Research shows that ecosystem services have significant economic value. For example, a study published in the journal Nature Communications estimated that the global value of ecosystem services provided by forests is around $16.2 trillion per year. This highlights the critical importance of forests for human well-being and sustainable development.

Forests contribute to improved livelihoods

Forests are essential for the livelihoods of millions of people around the world. They provide employment and income for forest-dependent communities and support the livelihoods of many others through the products and services they provide.

Research has shown that sustainable forest management can support these livelihoods while also conserving biodiversity and mitigating climate change.

For example, a study published in the journal Environmental Science and Policy found that community-based forest management in Nepal had led to improvements in forest health, biodiversity conservation, and community livelihoods.

As we celebrate the International Day of Forests, we must commit to protecting and restoring our forests. This requires action at all levels, from individual choices to national and international policies.

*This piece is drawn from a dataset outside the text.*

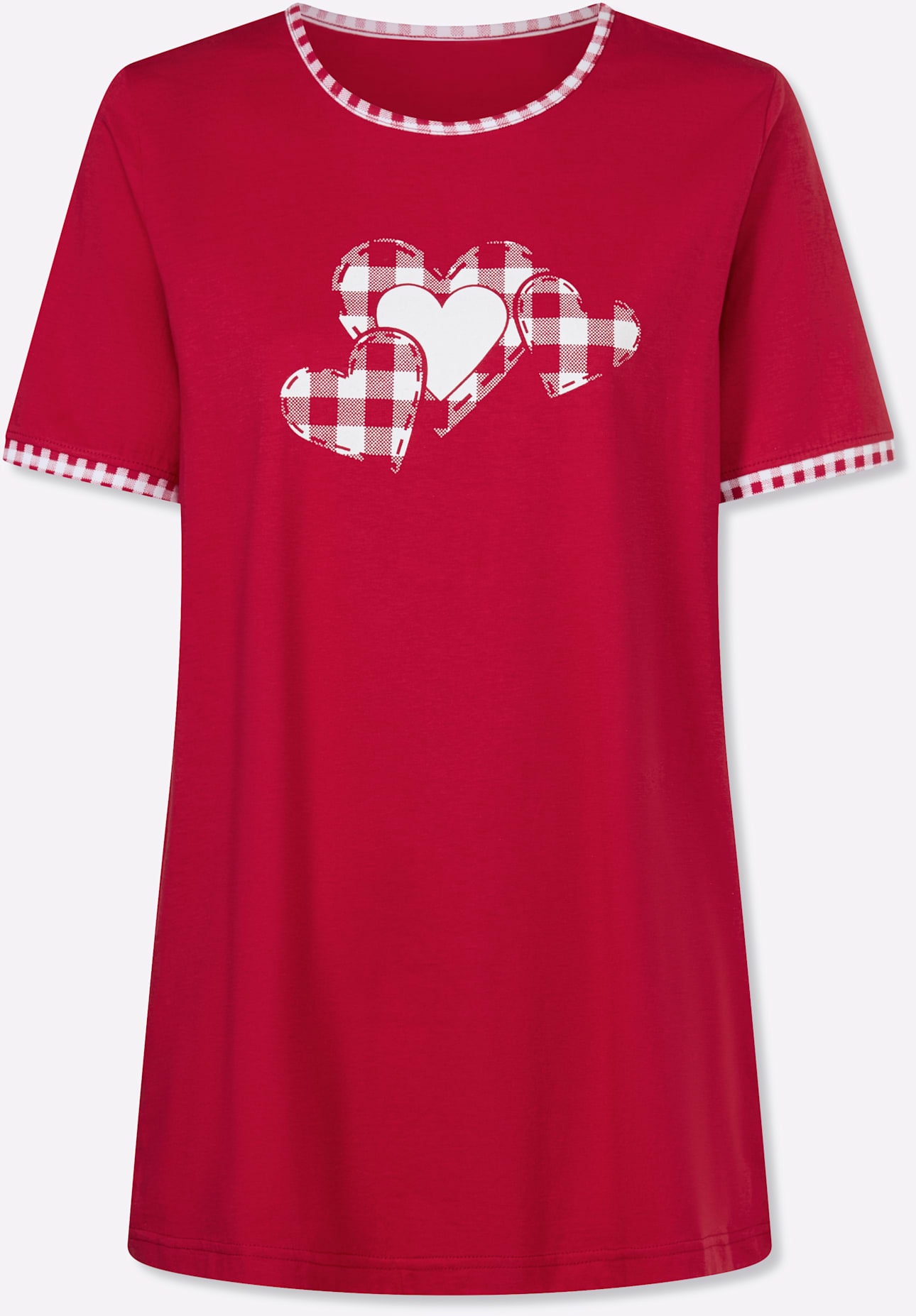 Classic Basics T-shirt long »Longshirt« 1 pièces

We can support sustainable forestry practices, reduce our consumption of products that contribute to deforestation, and advocate for policies that protect forests and their biodiversity for the well-being of the current and future generations.


The author is a Communications and Advocacy Specialist, a mentor at the African Women Leaders in Agroecology-Initiative, Chairperson of National and International Engagements at Inter-Sectoral Forum on Agrobiodiversity and Agroecology (ISFAA), and Treasurer of the Board at the Association of Media Women in Kenya (AMWIK)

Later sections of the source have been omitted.